Em espanhol a frase teria o mismo sentido. "Tenho conhecidos" = "Tengo conocidos". Mas para dizer "Tenho conhecido" a gente usa o verbo auxiliar *Haber*: "He conocido". São duas estruturas bem diferentes.


----------



## anaczz

É bastante usado sim! Usa-se quando a pessoa de quem se fala nāo é um amigo, é uma pessoa que você conhece superficialmente, sem grande intimidade.
Um conhecido meu avisou que lá está chovendo.
Tenho uns conhecidos naquela cidade, vou ver se arranjo hospedagem.


----------



## Guajara-Mirim

anaczz said:


> É bastante usado sim! Usa-se quando a pessoa de quem se fala nāo é um amigo, é uma pessoa que você conhece superficialmente, sem grande intimidade.
> Um conhecido meu avisou que lá está chovendo.
> Tenho uns conhecidos naquela cidade, vou ver se arranjo hospedagem.



Oi ana,

Agora alguns exemplos: 

Tengo compradas dos naranjas. --> Tenho compradas duas laranjas.
Tengo vistos dos chicos que se peleaban. --> Tenho vistos dois rapazes que brigavam.

Seria correto?



♪ashtrayheart♪ said:


> Oi!
> Em espanhol a frase teria o mismo sentido. "Tenho conhecidos" = "Tengo conocidos". Mas para dizer "Tenho conhecido" a gente usa o verbo auxiliar *Haber*: "He conocido". São duas estruturas bem diferentes.



 Hola amigo ashtrayheart, 

 Sí, sí lo entiendo. Sé que en español se puede decir así. Gracias por el aporte.

 Un saludo.


----------



## anaczz

Guajara-Mirim said:


> Oi ana,
> 
> Agora alguns exemplos:
> 
> Tengo compradas dos naranjas. --> Tenho compradas duas laranjas.
> Tengo vistos dos chicos que se peleaban. --> Tenho vistos dois rapazes que brigavam.
> 
> Seria correto?



Tengo compradas dos naranjas -> Comprei duas laranjas.
Tengo visto dos chicos que se peleaban -> Vi dois meninos que brigavam.

Em português, o tempo composto _ter no presente do indicativo + verbo no particípio passado_, é chamado pretérito perfeito composto e indica uma açāo contínua ou repetitiva.
Tenho visto crianças brincando na praça. -> Sempre ou muitas vezes vezes, nos últimos tempos, vejo crianças brincando na praça.
Vi crianças brincando na praça. -> Em um momento qualquer no passado, pelo menos uma vez, vi crianças brincando na praça.

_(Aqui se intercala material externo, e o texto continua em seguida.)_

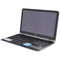 HP Pavilion x360 (15.6) Touch Laptop (15-bk152nr) i5-7200U/1TB/8GB/10 Home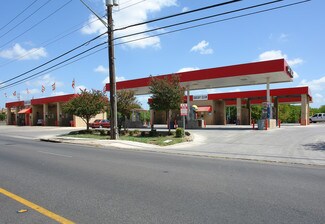 San Antonio, TX undefined San Antonio, TX undefined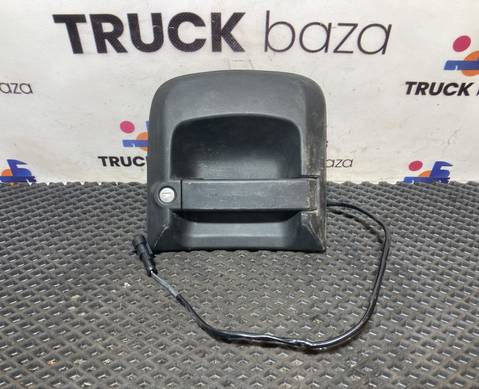 810W626416078 Ручка двери наружная правая для Sinotruk Sitrak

Uma dúvida minha: Essa forma "tengo visto" corresponde a he (ou será hé?) visto? Qual é a forma mais comum de falar?


----------



## ♪ashtrayheart♪

anaczz said:


> Tengo compradas dos naranjas -> Comprei duas laranjas.
> Tengo visto dos chicos que se peleaban -> Vi dois meninos que brigavam.
> 
> Em português, o tempo composto _ter no presente do indicativo + verbo no particípio passado_, é chamado pretérito perfeito composto e indica uma açāo contínua ou repetitiva.
> Tenho visto crianças brincando na praça. -> Sempre ou muitas vezes vezes, nos últimos tempos, vejo crianças brincando na praça.
> Vi crianças brincando na praça. -> Em um momento qualquer no passado, pelo menos uma vez, vi crianças brincando na praça.
> 
> Uma dúvida minha: Essa forma "tengo visto" corresponde a he (ou será hé?) visto? Qual é a forma mais comum de falar?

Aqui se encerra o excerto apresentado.